Sauzon 013View looking into the harbour at low tide, showing smug bilge keelers happily parked.

 

The ground in the drying harbour is mainly hard sand, so if you can get off your boat it’s easy to walk ashore.

 

 

 

The hundred year old man who climbed out of the window and disappeared

Have you read the book? It’s very funny. Essentially a long shaggy dog story. But there’s a bit missing, entitled “and so to Sauzon” I include it here.

And so to Sauzon.

Henri, the hundred year old man, found himself on the West Coast of France. He’d heard that Sauzon was a nice place and that sailing a yacht was a nice thing to do.

So he decided to borrow a yacht. He’d never been sailing before but reckoned it can’t be that difficult as you can  just switch the engine on and go. So he did, and off to Sauzon he went on a pleasant summer’s day.

On arrival he was pleased to see that Sauzon was indeed a beautiful place and happy he’d made the decision to visit. He had only one problem to settle and that was how to stop and stay.

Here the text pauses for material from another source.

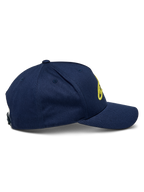 Alpinestars Ageless Snapback Hat, Navy Blue and Hi-Vis Yellow, side view showing curved bill and structured crown, front linear logo in yellow 3D embroidery, casual sportswear accessory with adjustable snapback closure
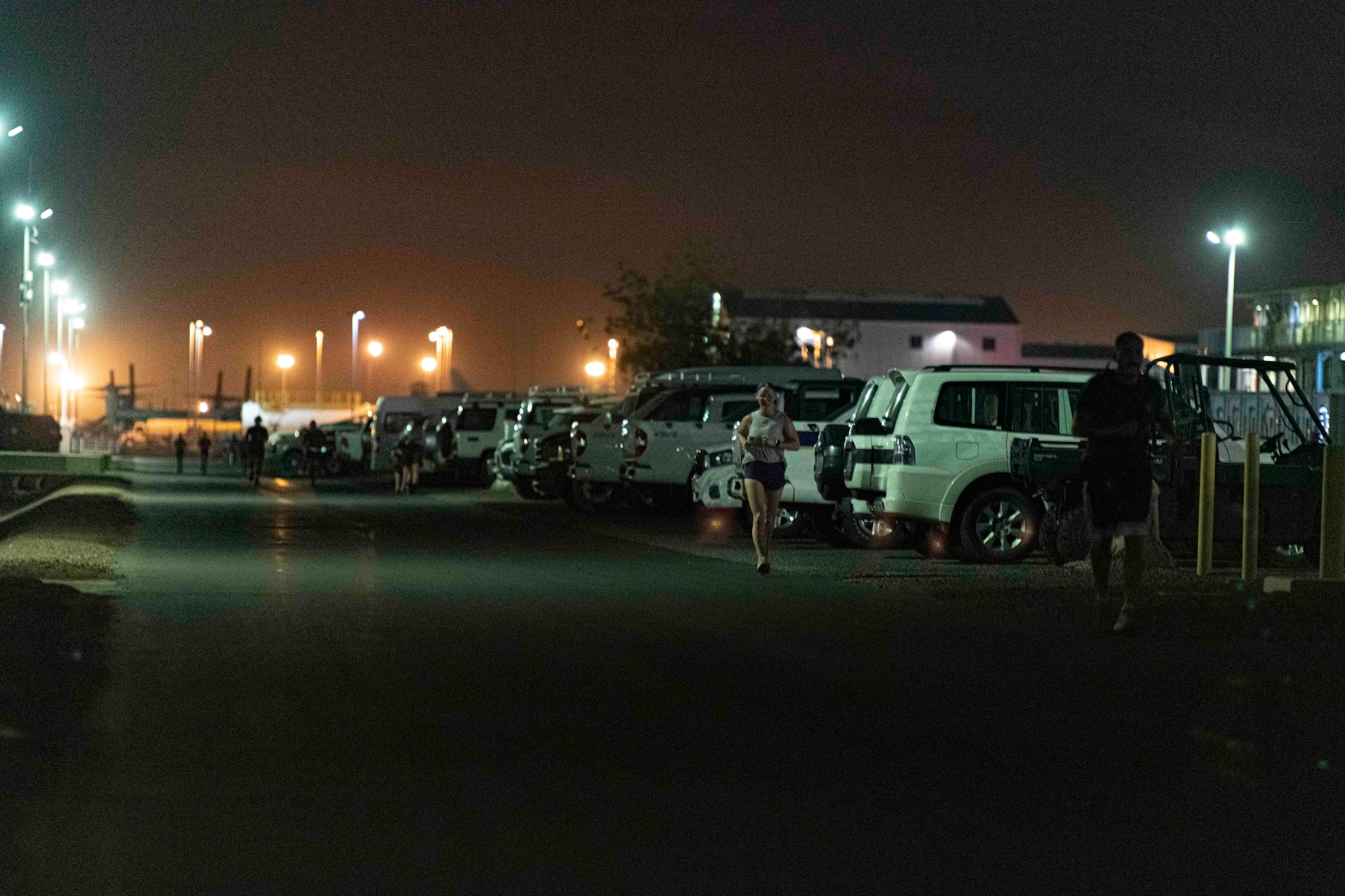 Photo of runners running on a road at night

Observing a nice big British yacht already moored in the harbour, Henri asked the skipper “puis je fair a couple avec vous” (which is not a request to get over familiar with someone, but just to come alongside).

Martin, the skipper of the nice big British yacht says “mais bien sur, fair un turn (because he was facing the wrong way round ) en retour ici”.

Hundred year old man goes round and starts to come alongside. Martin notices he has no fenders prepared. Or lines to attach with. Typical French. Martin “advises” him, “ou et votre lignes et defensoirs”. Henri points to a locker as if to say “obviously in here, you stupid Brit, where else?”.

He’s passing. He realises that lines are the key to stopping and staying. He gets a line out of the locker and passes one end to martin. And the other end. And the middle. All of it, not attached to anything.

Incroyable.

“What do you expect me to do with this?” dit Martin en Francais. Henri looks at me genially as if to say “you’re the expert – you tell me”. I throw it back, all of it.

So I tell him, in French, kindly “attach your lines and fenders first, then come alongside”. Blank look returned.

Is it my French that’s the problem? (could be: my inner French man quite often says things that my inner English man doesn’t understand). Perhaps Henri got the last missive as “put out your washing line and install your fence before coming to my place”

I recruit the next nearest boat to translate from English to French for Henri. Blank Henri look again. A discussion in French ensues. The centime drops. A little wave of a Henri hand acknowledges in a “righty ho” sort of way.

Henri, being a hundred years old, doesn’t do anything really quickly. He slips, nay slides or possibly slopes into the task now in his mind.

He chugs off for another turn. Connects an end of the ligne to his boat. Forgets about the fenders. Comes alongside. One line attached and he’s stopped.

At this point the Capitanerie boat gets involved and takes control: gives Henri a parking place alongside a similar sized boat . Henri now remembers fenders and starts to attach whilst we hang on to Henri’s boat.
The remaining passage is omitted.